The colonizers who arrived to establish the American Insular Government in the Philippines came upon a theatre scene they could not understand. They found religious dramas and dramatizations, long “hyperbolic” verse plays (komedya), the light musical comedy of manners (sarswela), and the plays they came to call “seditious” because these had the temerity to espouse Philippine independence from the United States. Arthur Riggs, a military journalist and eyewitness to the plays and to the trials of their arrested playwrights, cast, and crew, wondered in 1905 what would happen next, since this “inspiring drama, exactly suited to . . . [their] tastes and wishes” had been squashed by the American laws, arrests, and trials. The Filipino stage he called “a wholly quiescent and hibernating creature, awaiting the sun-warmth before its emergence from seclusion and futility.”

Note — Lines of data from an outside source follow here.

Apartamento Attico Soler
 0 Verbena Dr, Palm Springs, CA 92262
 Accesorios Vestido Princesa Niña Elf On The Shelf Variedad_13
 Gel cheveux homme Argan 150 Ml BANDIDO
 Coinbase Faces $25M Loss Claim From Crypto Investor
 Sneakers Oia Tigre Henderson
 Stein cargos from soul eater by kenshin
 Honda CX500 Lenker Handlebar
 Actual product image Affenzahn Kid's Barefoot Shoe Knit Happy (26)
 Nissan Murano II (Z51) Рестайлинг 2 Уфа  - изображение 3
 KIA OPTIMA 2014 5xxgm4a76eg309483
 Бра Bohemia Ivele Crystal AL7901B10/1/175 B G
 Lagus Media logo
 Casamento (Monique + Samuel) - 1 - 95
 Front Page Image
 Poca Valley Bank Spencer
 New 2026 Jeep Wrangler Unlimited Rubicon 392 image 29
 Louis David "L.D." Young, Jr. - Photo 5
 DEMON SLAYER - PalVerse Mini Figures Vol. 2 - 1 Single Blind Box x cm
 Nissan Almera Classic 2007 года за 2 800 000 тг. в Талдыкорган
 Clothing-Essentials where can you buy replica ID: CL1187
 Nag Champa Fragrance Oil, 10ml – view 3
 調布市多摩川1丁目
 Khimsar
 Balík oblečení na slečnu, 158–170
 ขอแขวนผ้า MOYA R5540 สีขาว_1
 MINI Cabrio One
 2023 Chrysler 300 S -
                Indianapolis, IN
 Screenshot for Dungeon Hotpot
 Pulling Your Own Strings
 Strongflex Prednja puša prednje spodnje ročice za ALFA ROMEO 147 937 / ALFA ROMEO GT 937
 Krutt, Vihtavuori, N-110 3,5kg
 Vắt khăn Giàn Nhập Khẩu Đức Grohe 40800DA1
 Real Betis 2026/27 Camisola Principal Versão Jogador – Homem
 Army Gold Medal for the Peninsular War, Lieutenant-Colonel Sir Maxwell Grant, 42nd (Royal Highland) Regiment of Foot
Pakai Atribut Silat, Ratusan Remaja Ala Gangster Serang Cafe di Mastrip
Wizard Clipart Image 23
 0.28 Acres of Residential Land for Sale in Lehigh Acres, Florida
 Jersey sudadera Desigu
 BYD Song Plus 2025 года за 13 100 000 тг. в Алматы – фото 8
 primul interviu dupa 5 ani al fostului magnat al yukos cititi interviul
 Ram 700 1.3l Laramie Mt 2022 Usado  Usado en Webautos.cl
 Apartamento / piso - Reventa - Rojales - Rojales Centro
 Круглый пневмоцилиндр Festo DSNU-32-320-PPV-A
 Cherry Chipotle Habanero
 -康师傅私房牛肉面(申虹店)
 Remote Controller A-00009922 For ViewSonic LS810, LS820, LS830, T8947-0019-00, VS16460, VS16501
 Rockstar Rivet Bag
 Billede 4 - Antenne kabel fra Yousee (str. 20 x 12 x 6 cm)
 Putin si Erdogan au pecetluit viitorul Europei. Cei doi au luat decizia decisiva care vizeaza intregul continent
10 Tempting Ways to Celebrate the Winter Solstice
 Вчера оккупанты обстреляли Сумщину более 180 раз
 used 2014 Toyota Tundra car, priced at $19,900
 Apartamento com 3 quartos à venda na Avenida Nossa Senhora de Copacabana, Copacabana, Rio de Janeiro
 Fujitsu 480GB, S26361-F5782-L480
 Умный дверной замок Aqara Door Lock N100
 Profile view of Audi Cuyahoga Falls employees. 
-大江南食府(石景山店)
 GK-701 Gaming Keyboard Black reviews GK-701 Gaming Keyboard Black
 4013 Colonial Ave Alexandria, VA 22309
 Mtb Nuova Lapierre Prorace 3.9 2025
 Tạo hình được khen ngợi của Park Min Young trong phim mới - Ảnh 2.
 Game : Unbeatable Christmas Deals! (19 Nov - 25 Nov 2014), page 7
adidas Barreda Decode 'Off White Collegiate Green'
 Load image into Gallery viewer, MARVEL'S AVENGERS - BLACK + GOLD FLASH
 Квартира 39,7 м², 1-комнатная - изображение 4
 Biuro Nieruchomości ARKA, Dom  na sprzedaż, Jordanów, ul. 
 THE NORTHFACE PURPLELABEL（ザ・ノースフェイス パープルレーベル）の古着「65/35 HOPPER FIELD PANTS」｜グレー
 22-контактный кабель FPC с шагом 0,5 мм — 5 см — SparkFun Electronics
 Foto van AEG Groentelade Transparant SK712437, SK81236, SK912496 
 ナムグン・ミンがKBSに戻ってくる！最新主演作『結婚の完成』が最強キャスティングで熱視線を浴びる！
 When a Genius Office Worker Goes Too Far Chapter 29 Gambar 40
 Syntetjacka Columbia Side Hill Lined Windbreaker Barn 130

Riggs could not have known, of course, that the rites and rituals, the verse debates, songs, and dances of the indigenous theatre did and would continue, as would the folk theatre represented by the religious dramas and dramatizations, the komedya, the budding drama, and the sarswela. Each simply found its place — on the different stages both outdoors and indoors, in barrio, town, or city — and its own audience, whether paying or nonpaying, on religious feast days, at town fiestas, on civic occasions, and eventually in evenings at the theatre. Inevitably, however, the entry of the new culture would have an indelible effect on the Philippine stage.
The word comes from vaudeville, which was the first visible theatrical influence from America. Although a French form, it had been adapted in the United States as a show made up of assorted entertainments. Shows comprising song-and-dance numbers, magic and musical acts, skits and stand-up comedy, chorus girls and comedians were first brought in to entertain the American soldiers around the turn of the century. They entertained the native audience as well, who found them convenient and portable showcases for entertainment spectacles.
The songs and dances of bodabil (vodavil in Spanish; bodabil is the Filipinized word) soon came to serve as intermission numbers between one-act sarswelas (often billed in threes) or between the three or four acts of a full-length sarswela. They were called stage shows during the Japanese Occupation and, much later, variety shows. In some provinces the bodabil intermissions were called “jamboree,” a word that had originally been applied to the opening musical numbers of a stage show.
Bodabil eventually went onstage in such venues as the Manila Grand Opera House and the Savoy (later Clover) Theatre, forming images of “what’s entertainment” in the minds of Filipino audiences. Bodabil-type acts appeared (and still appear) on political stages, but decades later deteriorated into burlesque and strip shows in cheap theatres in suburbs or around the American bases. While it reigned, however, bodabil spawned musical trends and musicians, performance genres and performers. Borromeo Lou tuned in to jazz music. Dancers like Benny Mack and Bayani Casimiro (called the Filipino Fred Astaire), comic magicians like Canuplin (billed as the local Chaplin), a superb torch singer a la Sophie Tucker called Katy de la Cruz, singers like Diana Toy and Miami Salvador, and, much later, Eddie Mesa (the Filipino Elvis Presley), Diomedes Maturan (the local Perry Como), and Nora Aunor (who started as the Pinay Timi Yuro) developed in the following decades, showing the impact and influence of American popular entertainment.
They also proved how limber was the Filipino entertainer, how easy it was for him or her to catch American rhythms, and how painless and effective a tool popular culture was in the Americanization of the Filipino. The songs, dances, and entertainment forms of most Filipinos until the 1960s were undeniably patterned on the American dream. American popular culture embodied, for decades, their images of beauty and excellence, of life and of self.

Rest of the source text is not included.